/CarND-Vehicle-Detection-P5

Udacity Self-Driving Car Engineer Project 5: Vehicle Detection

Primary LanguageJupyter NotebookMIT LicenseMIT

Vehicle Detection Project [P5]

Summary by Michael Berner, Student @ Udacity Self Driving Car NanoDegree 2018

Udacity - Self-Driving Car NanoDegree

Stuttgart, June 19th 2018


Vehicle Detection Project

The goals / steps of this project are the following:

  • Perform a Histogram of Oriented Gradients (HOG) feature extraction on a labeled training set of images and train a Linear SVM classifier
  • Optionally, you can also apply a color transform and append binned color features, as well as histograms of color, to your HOG feature vector.
  • Note: for those first two steps don't forget to normalize your features and randomize a selection for training and testing.
  • Implement a sliding-window technique and use your trained classifier to search for vehicles in images.
  • Run your pipeline on a video stream (start with the test_video.mp4 and later implement on full project_video.mp4) and create a heat map of recurring detections frame by frame to reject outliers and follow detected vehicles.
  • Estimate a bounding box for vehicles detected.

Rubric Points

Here I will consider the rubric points individually and describe how I addressed each point in my implementation.

This writeup is closely linked to the actual Udacity rubric for this project.


Writeup / README

1. Provide a Writeup / README that includes all the rubric points and how you addressed each one. You can submit your writeup as markdown or pdf.

I replaced the README.md file on GitHub with my write-up. This way, by browsing the project on GitHub, you will immediately see the WriteUp and how I approached and solved the project.

For this project I decided to provide two IPython notebooks.
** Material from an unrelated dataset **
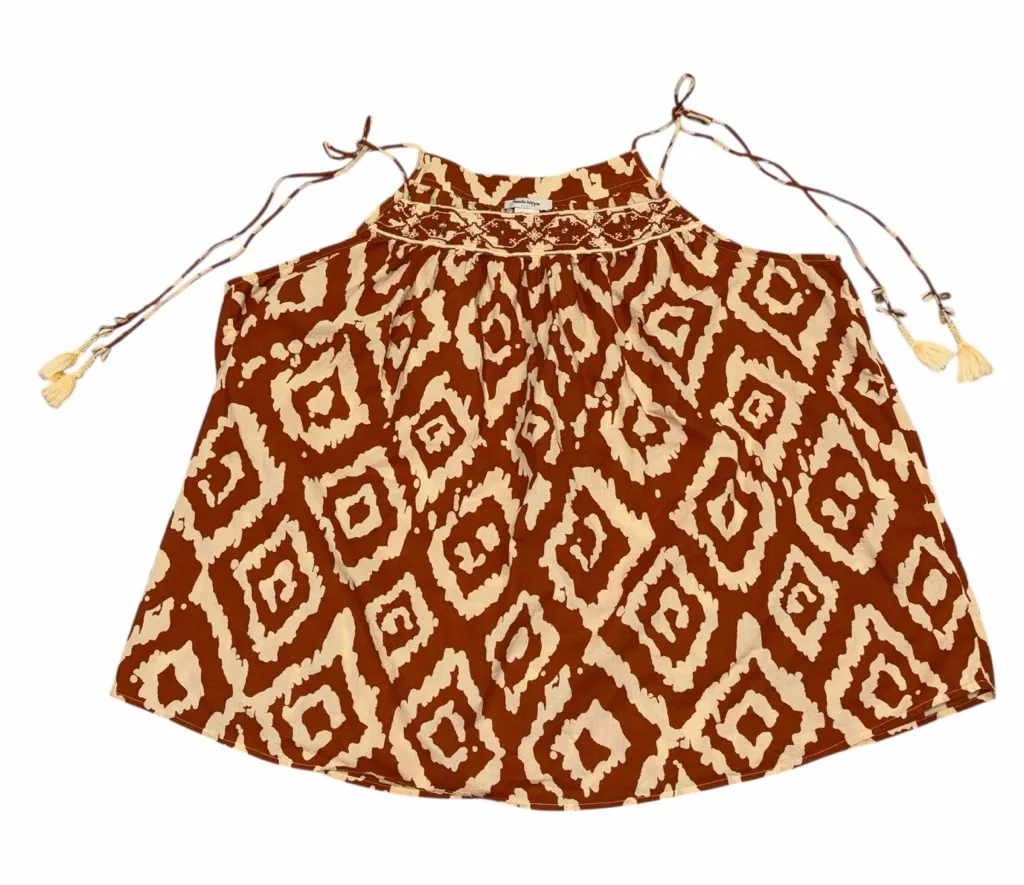 Haute Hippie Tribal Ikat Oversized Embroidered Tie Shoulder Tank size Medium - Image 1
The first one is called P5_Preparation.ipynb and is holding all the preparational materials which I have developed for this project. The trained SVM (Support Vector Machine) is being generated in this notebook and stored as a Pickle file svm_scaler_result.pkl.

The second notebook is called P5_Final.ipynb and holds the final code of the project. This notebook processes the video and relies on the previously generated trained SVM pickle file.

Histogram of Oriented Gradients (HOG)

1. Explain how (and identify where in your code) you extracted HOG features from the training images.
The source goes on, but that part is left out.